The regulator also landed Deutsche's former head of European cash trading, David Maslen, with a £350,000 fine - the largest financial penalty to ever be levied on an individual.
The fines relate to two transactions carried out in London in March 2004, where Deutsche Bank failed to abide by UK regulations during the sale of shares in two of its institutional clients.
The first of these involved the sale of a large stake in Scania, the Swedish vehicle manufacturer. Deutsche was keen to buy some of the Scania stake for itself, but failed to abide by the strict rules which relate to those involved in the book-building process.
Mr Maslen, who was running the operation, ordered one of his employees to buy shares in Scania on the open market, rather than making the necessary disclosures and buying them via Deutsche's own book-building exercise. The second incident related to several transactions in the shares of a Swiss-listed company, Cytos Biotechnology, where a trader failed to follow internal procedures. The FSA said Deutsche was being disciplined for not taking appropriate action after finding out about the trades.
Commenting on the fines, Hector Sants, the FSA's managing director for wholesale business, said: "The FSA has previously expressed a determination to act against institutional market misconduct and Deutsche's failure is an example of the type of conduct which the FSA will act against in its efforts to improve the overall quality of markets.
"The market rightly expects that firms involved in running book-build transactions ensure that they observe proper standards of market conduct and act with due skill, care and diligence in their activities during these transactions. We expect firms, and their staff, to be aware of the issues that are inherent in all transactions, and to ensure that they take steps to manage those appropriately.
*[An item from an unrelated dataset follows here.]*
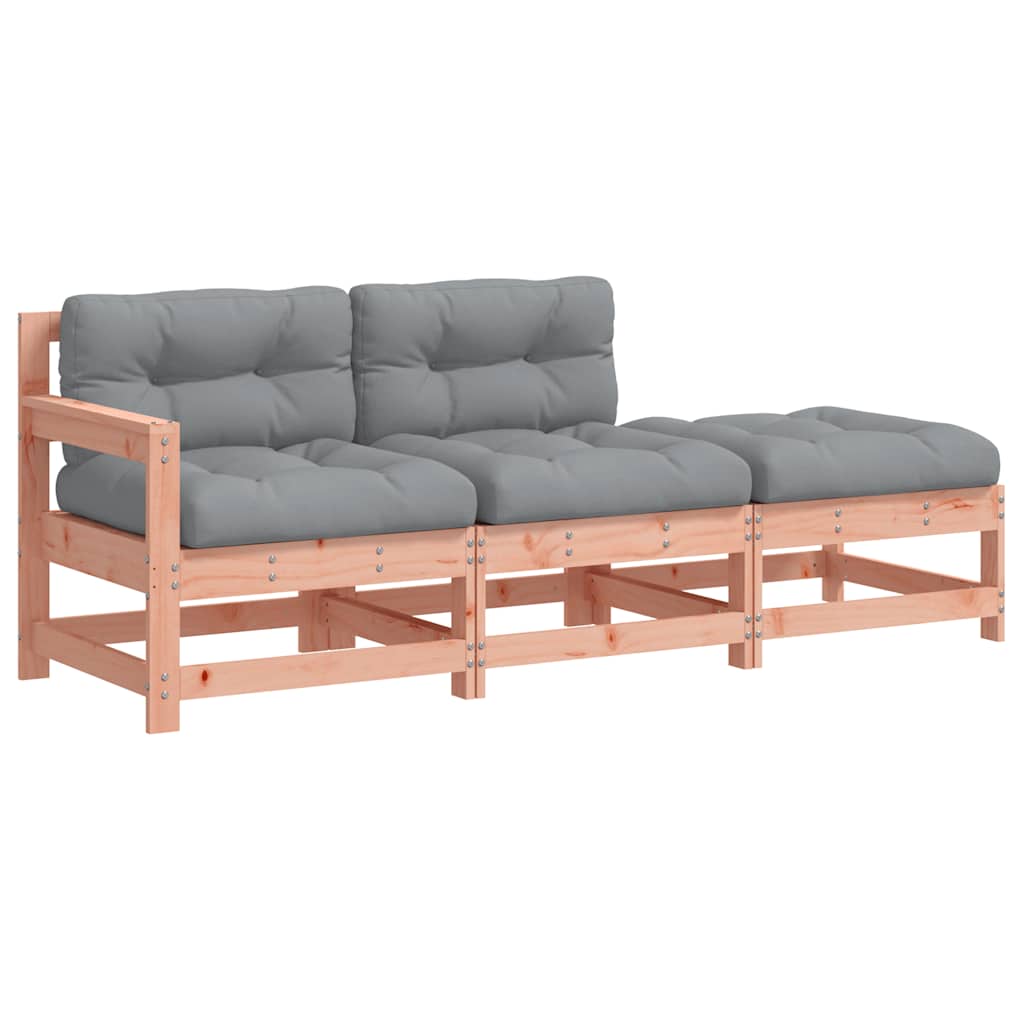 3-Tlg. Garten-Lounge-Set Mit Kissen Massivholz Douglasie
This is fundamental to maintaining efficient, orderly and clean markets."
In a statement, Mr Maslen said that he had fully co-operated with the FSA. "The FSA has expressly stated that it does not allege that I deliberately sought to manipulate the market," he said.
Deutsche said it regretted the breaches of regulations, adding that they were "isolated instances involving a small number of individuals". It said it believed it had restored market-leading standards within the company.
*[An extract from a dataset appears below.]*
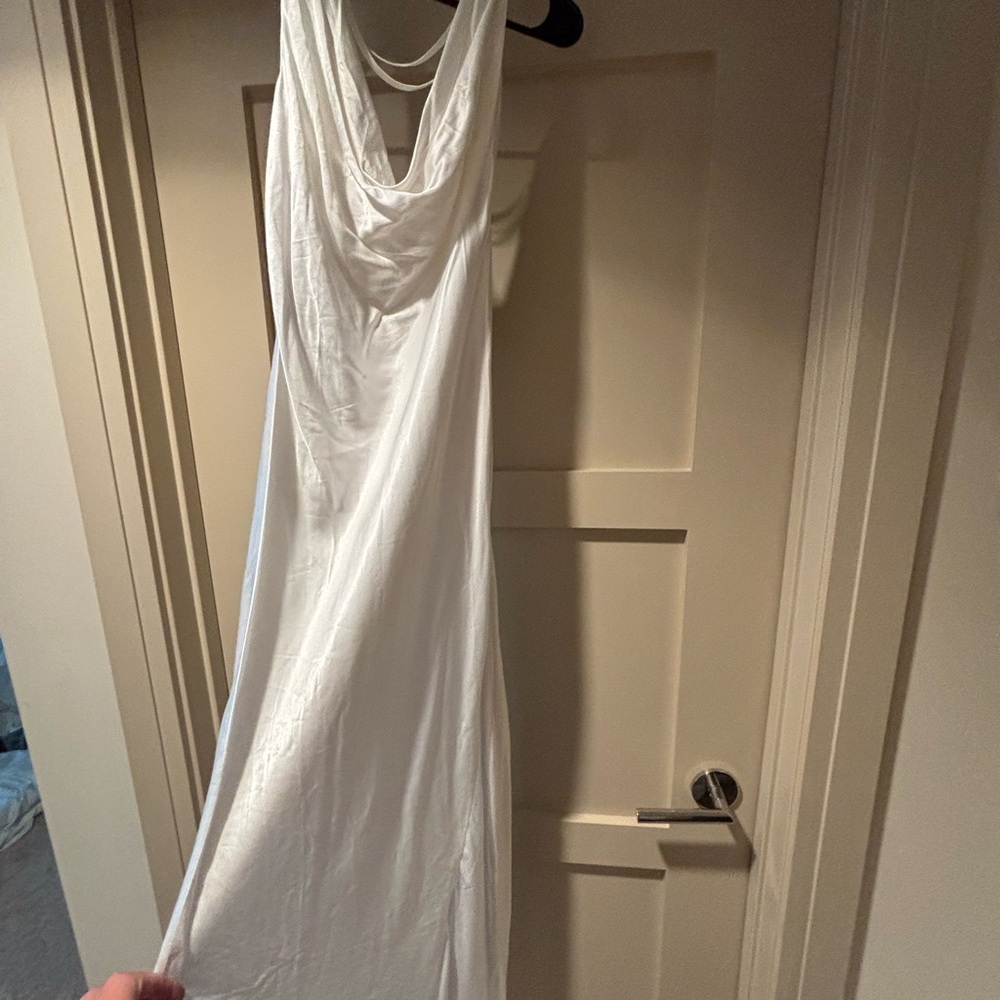 Meshki White Sleeveless Cowl Neck Gown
The FSA said it would have hit the bank with an even larger fine had it not been quick to rectify its procedures once the regulator discovered the rule breaches.
The £6.4m fine comprises a £3.5m penalty relating to the Scania transaction, a further £2.36m for the losses it avoided by buying the Scania shares at a lower price, and £500,000 in relation to the Cytos transaction. The only companies to have been fined more than Deutsche are Shell and Citigroup - £17m and £13.9m respectively for market abuse.